O entusiasmo com a ida para paisagens exóticas só entusiasma os cidadãos actuais. O nobre paraíso seria mais o jardim artificial do que a exuberância natural.
Na altura, ser remetido para paraísos tropicais, era um degredo, uma expulsão da pátria, e só com condenados ao exílio se conseguia uma povoação razoável no ultramar.

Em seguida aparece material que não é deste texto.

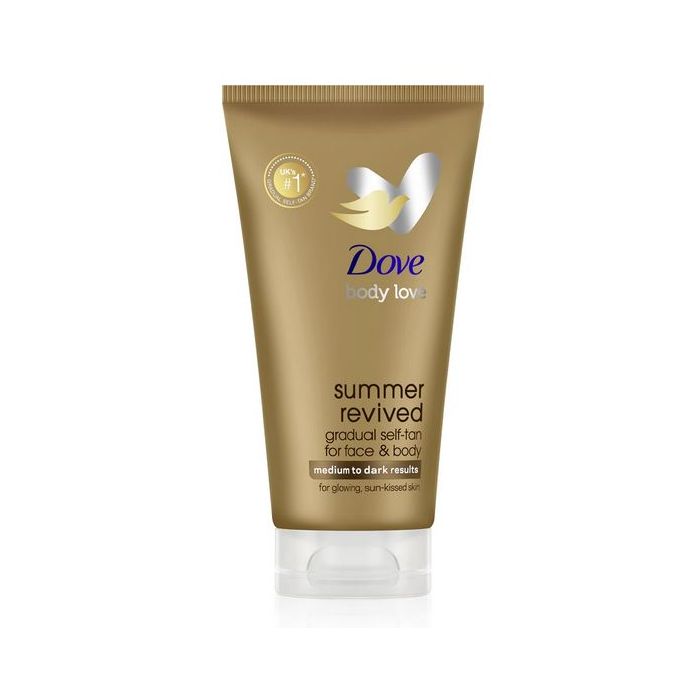 Summer Revived - Loción Autobronceadora - 75 ml - Dove : 8720181386008 - 1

Tal como no caso das famílias romanas, as famílias das capitanias viram maior interesse na utilização de escravos, para aproveitar a extensão colonial, do que propriamente em incentivar um estabelecimento de marinheiros nacionais, que poderiam questionar a sua posse. Quando esse incentivo existiu, como para colonizar a Austrália, já no Séc. XIX, e à falta de melhor, uma solução era remeter para lá os condenados... e as despedidas eram encaradas como uma morte, já que dificilmente aos desterrados era pensado conseguir regressar à Inglaterra.

Em contra-corrente com esta filosofia de ver a tropicalidade como lugar de abjectos, mas ainda assim não se afastando dela, surgiu o movimento evangelizador dos jesuítas. Voluntariamente, ofereciam-se ao sacrifício missionário de cristianizar os indígenas. Não se afastava da visão medieval, porque era entendido como um sacrifício em favor da cristandade, e das "almas perdidas" dos indígenas.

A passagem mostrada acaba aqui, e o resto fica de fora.